— What needs to be done —
Output the full listing below exactly, without the pictures.

— Supplied material —

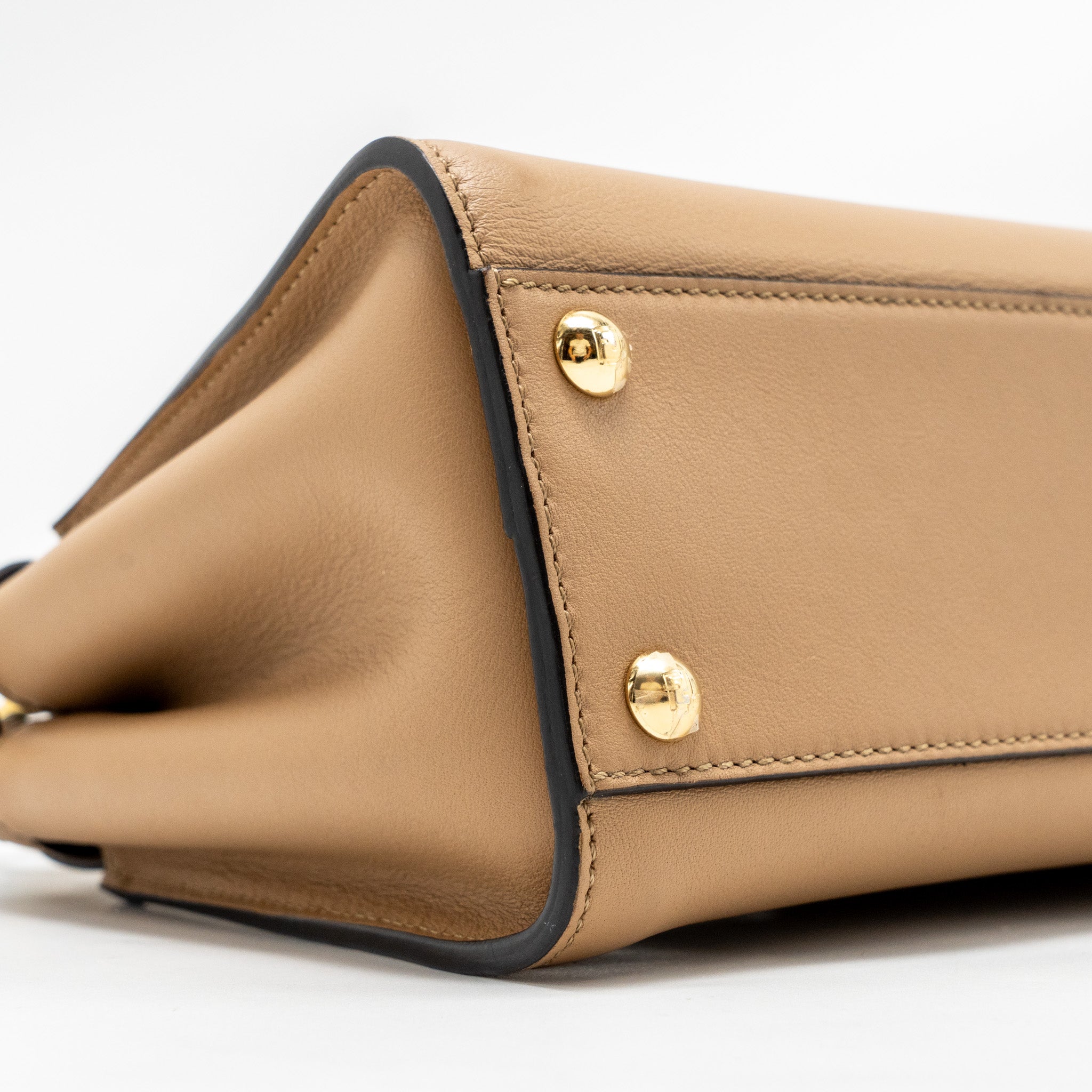 fendi-mini-peekaboo-calfskin-beige-ghw-1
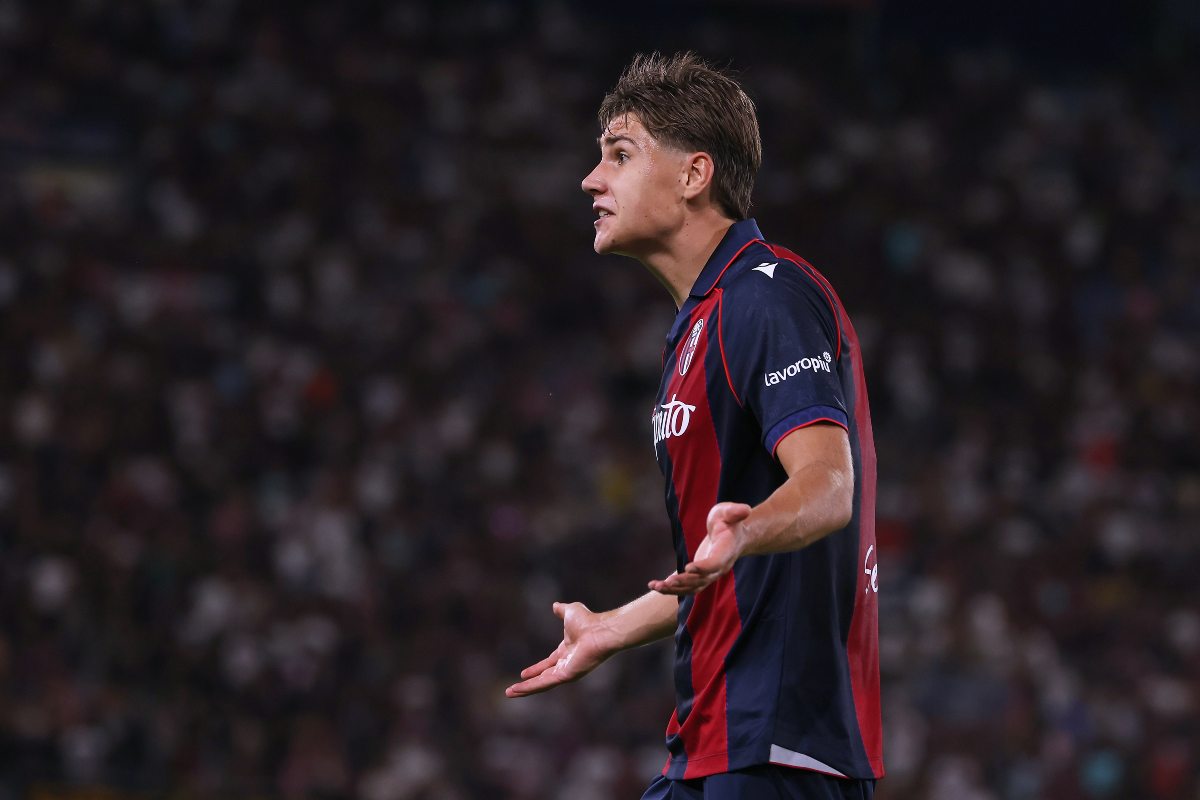 Helland, il difensore da cui ripartire: con lui in campo il Bologna subisce meno
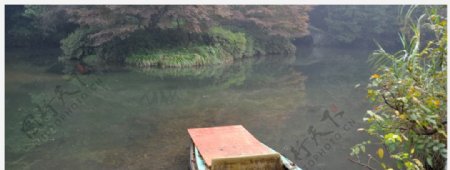 宽屏杭州西湖风景图片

— Answer box —
 fendi-mini-peekaboo-calfskin-beige-ghw-1
 Helland, il difensore da cui ripartire: con lui in campo il Bologna subisce meno
 宽屏杭州西湖风景图片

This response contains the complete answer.